START DATA FOR PROCESSING

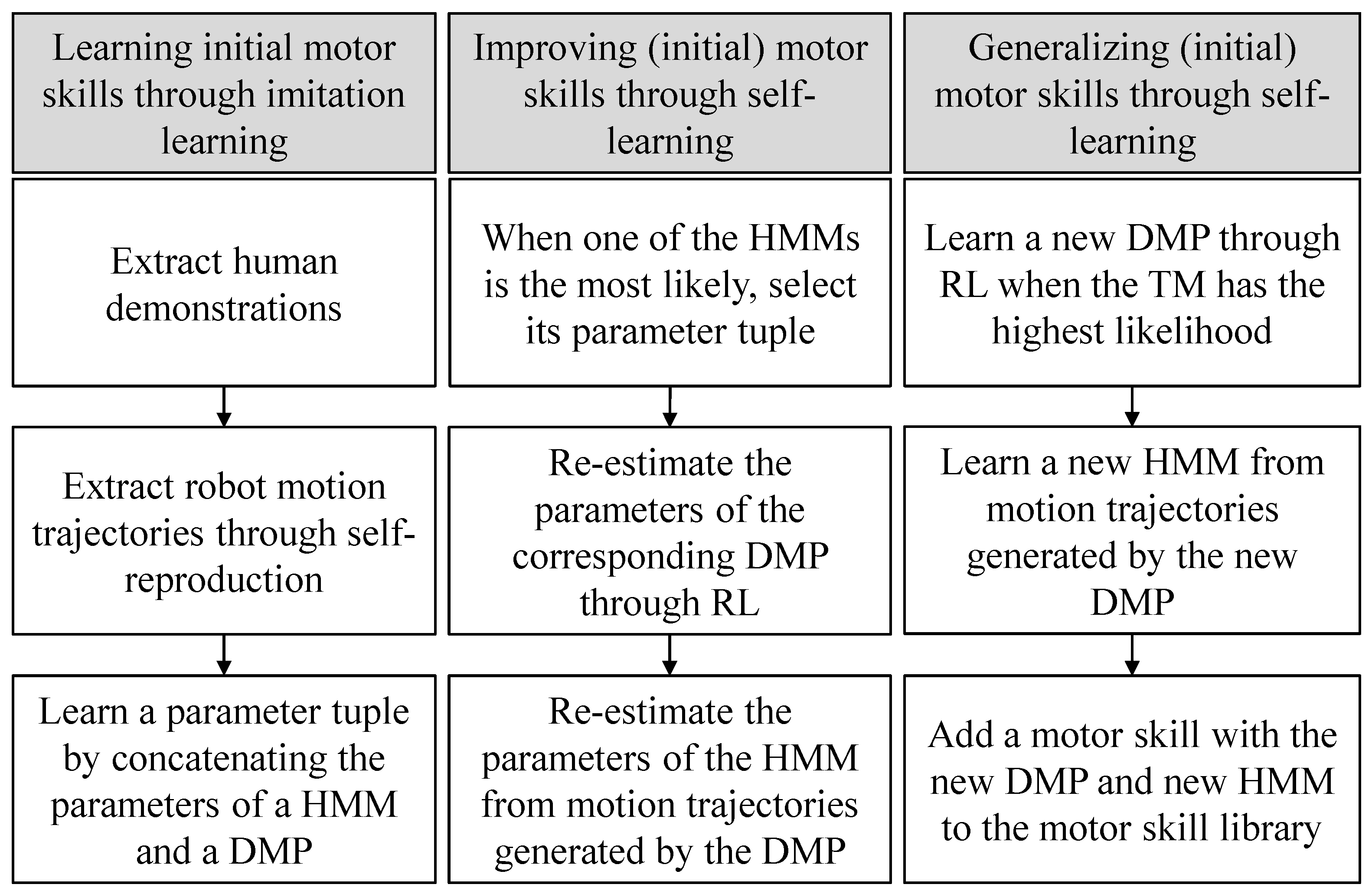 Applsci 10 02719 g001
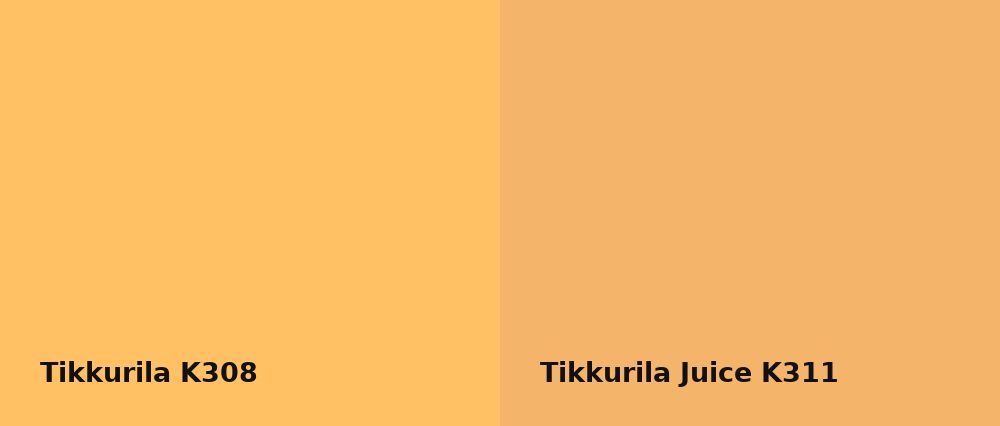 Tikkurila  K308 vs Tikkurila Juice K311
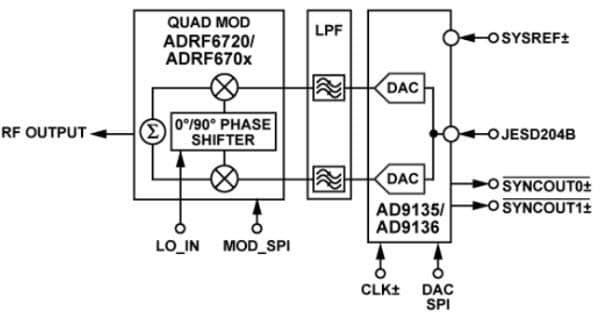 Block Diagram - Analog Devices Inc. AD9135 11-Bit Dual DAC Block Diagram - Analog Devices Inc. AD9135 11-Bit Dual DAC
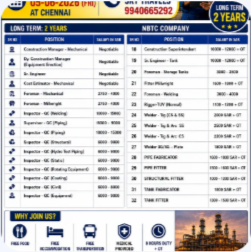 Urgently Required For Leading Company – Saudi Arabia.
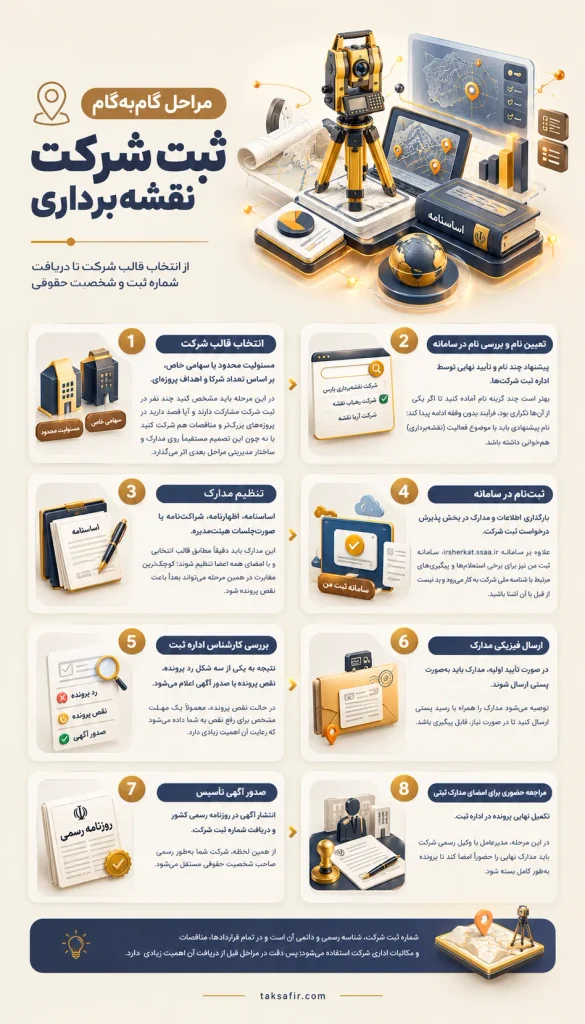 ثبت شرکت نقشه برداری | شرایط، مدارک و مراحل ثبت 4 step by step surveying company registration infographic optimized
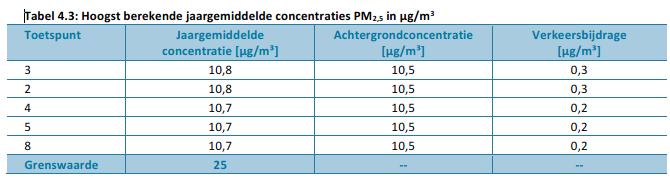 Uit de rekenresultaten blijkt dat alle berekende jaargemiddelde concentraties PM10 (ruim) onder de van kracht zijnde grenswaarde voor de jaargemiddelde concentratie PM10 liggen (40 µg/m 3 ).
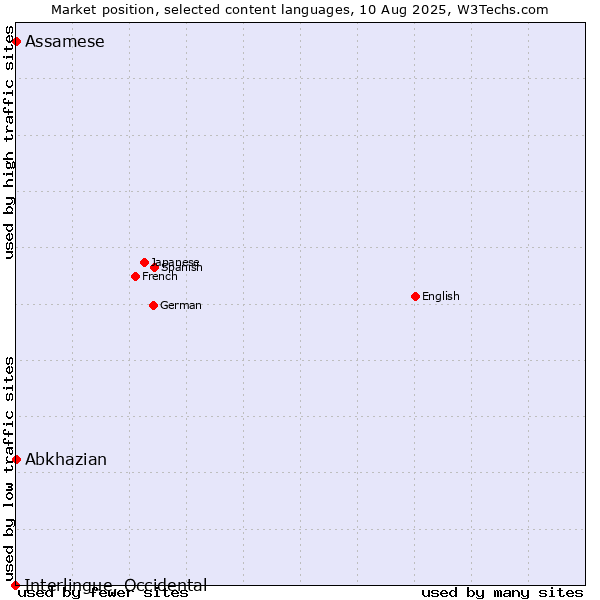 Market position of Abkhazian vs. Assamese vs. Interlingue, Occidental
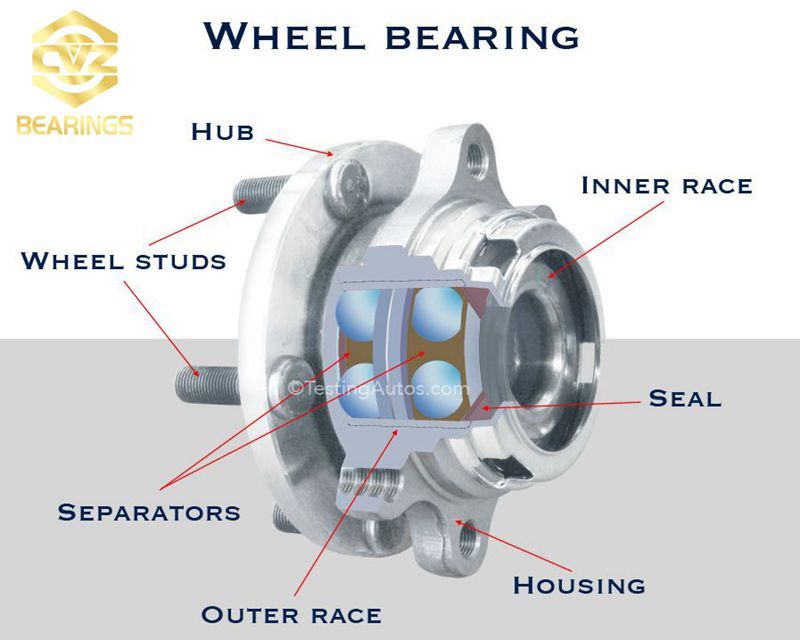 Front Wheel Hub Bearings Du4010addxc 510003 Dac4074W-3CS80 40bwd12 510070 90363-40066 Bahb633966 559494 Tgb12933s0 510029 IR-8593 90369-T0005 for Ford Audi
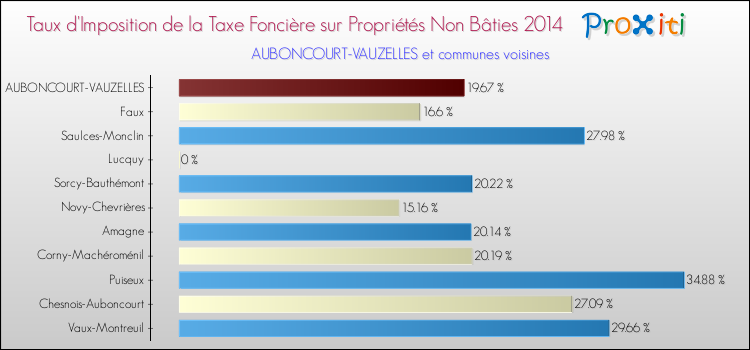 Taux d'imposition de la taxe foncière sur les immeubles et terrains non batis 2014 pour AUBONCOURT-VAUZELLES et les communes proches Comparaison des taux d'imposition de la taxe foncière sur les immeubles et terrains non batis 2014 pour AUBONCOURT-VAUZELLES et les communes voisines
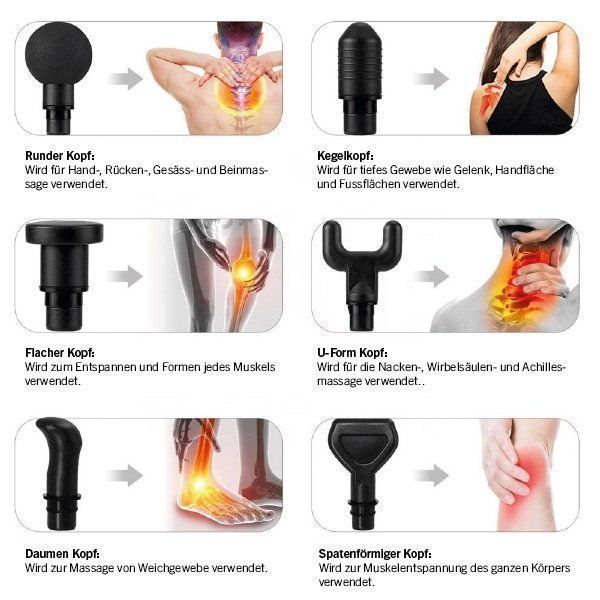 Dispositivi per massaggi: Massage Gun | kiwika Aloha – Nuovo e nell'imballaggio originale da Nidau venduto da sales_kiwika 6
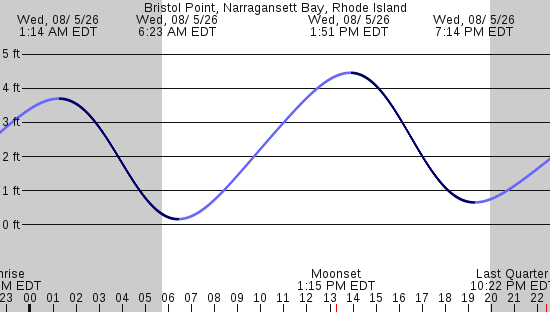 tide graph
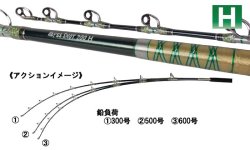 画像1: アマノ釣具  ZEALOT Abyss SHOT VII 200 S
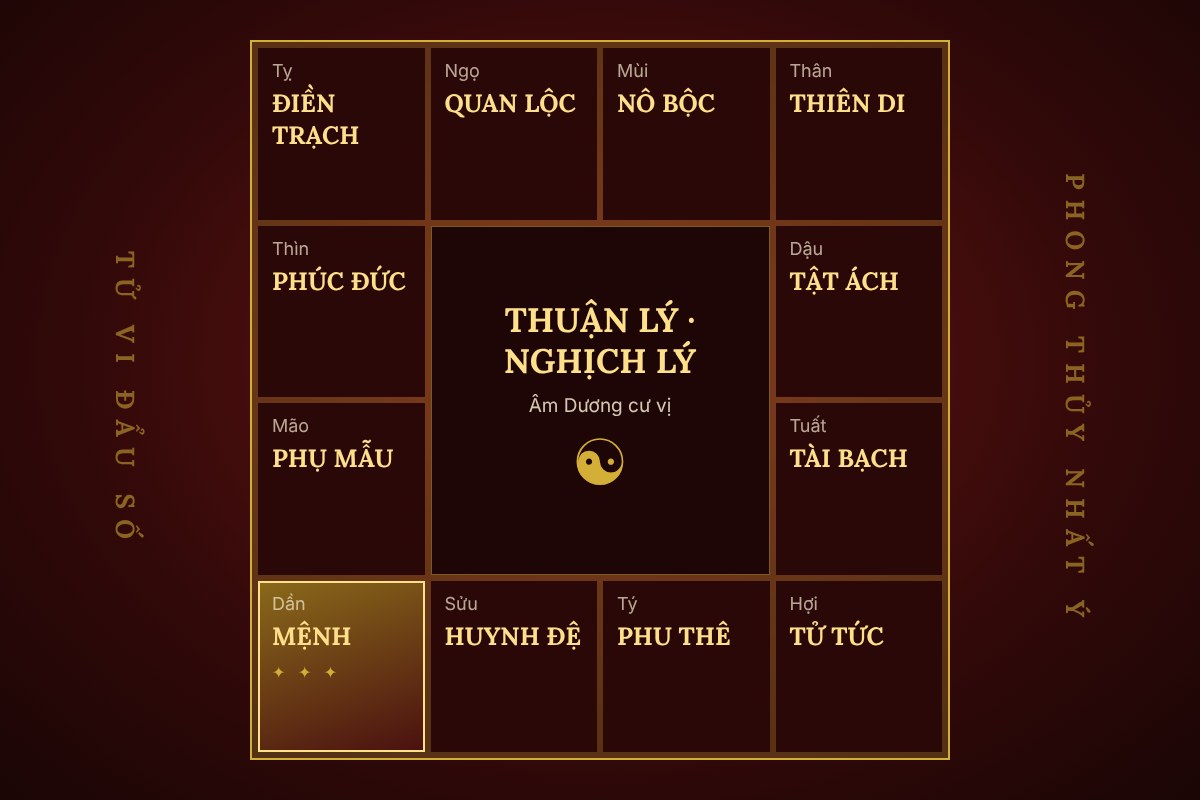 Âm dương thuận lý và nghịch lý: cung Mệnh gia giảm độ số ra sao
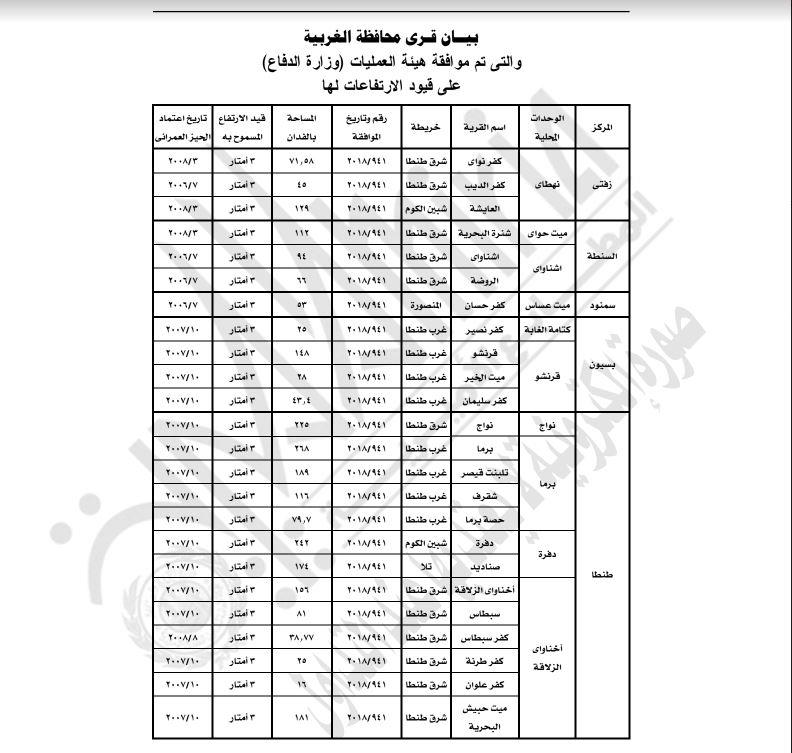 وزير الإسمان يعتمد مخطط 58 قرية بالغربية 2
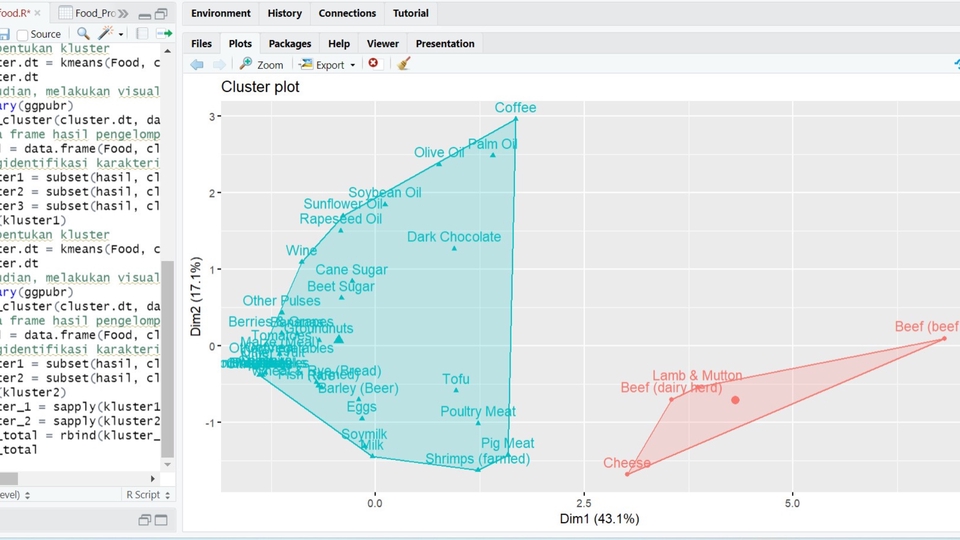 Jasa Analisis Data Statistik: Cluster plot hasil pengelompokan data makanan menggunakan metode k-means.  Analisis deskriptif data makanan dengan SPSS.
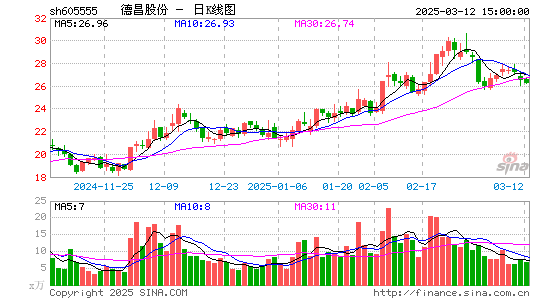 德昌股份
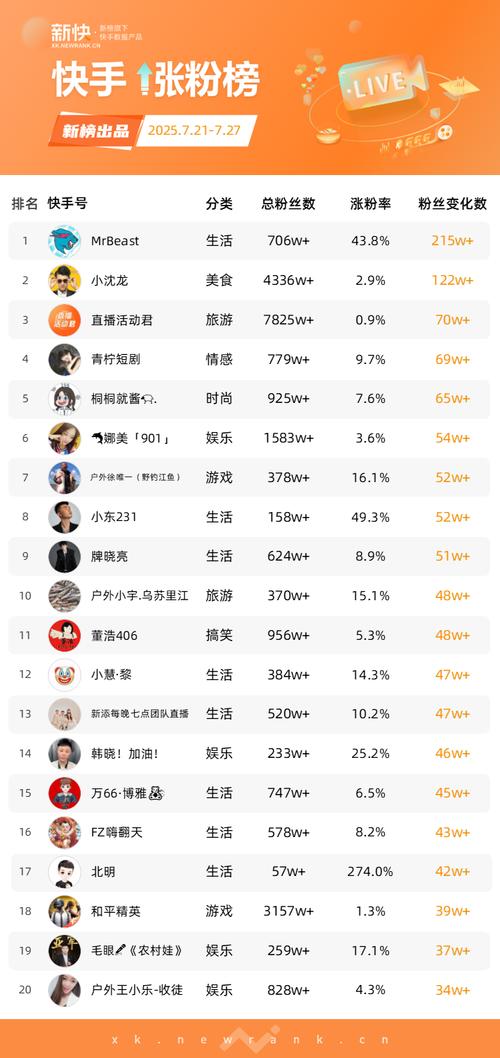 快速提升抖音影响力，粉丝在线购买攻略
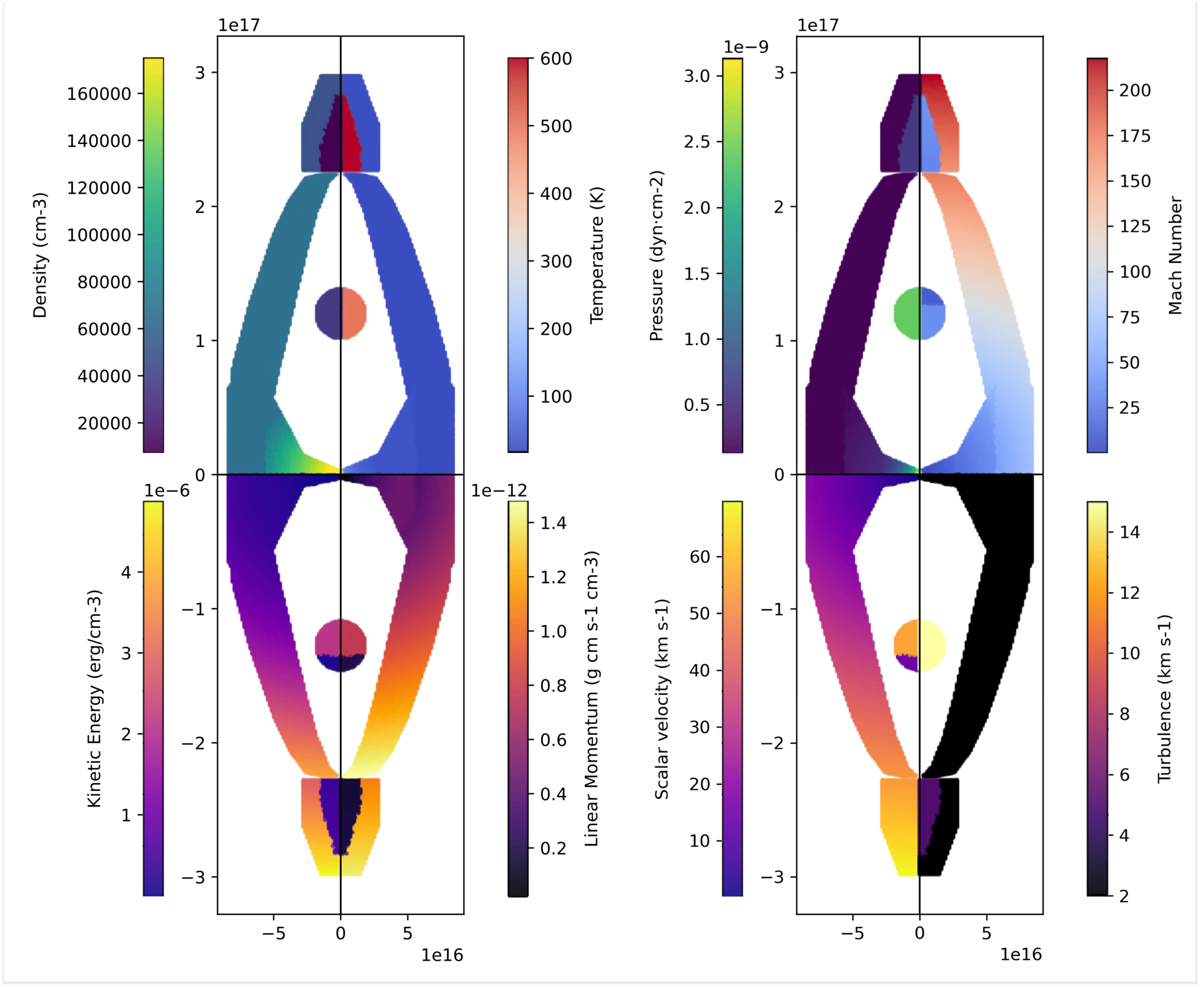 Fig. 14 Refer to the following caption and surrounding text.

END DATA FOR PROCESSING

■ **THE PROBLEM**
Beginning at the line with "快速提升抖音影响力，粉丝在线购买攻略", reproduce word for word each line through the last line of the records. Include both ends but no pictures.

■ **SOLUTION BELOW**
 快速提升抖音影响力，粉丝在线购买攻略
 Fig. 14 Refer to the following caption and surrounding text.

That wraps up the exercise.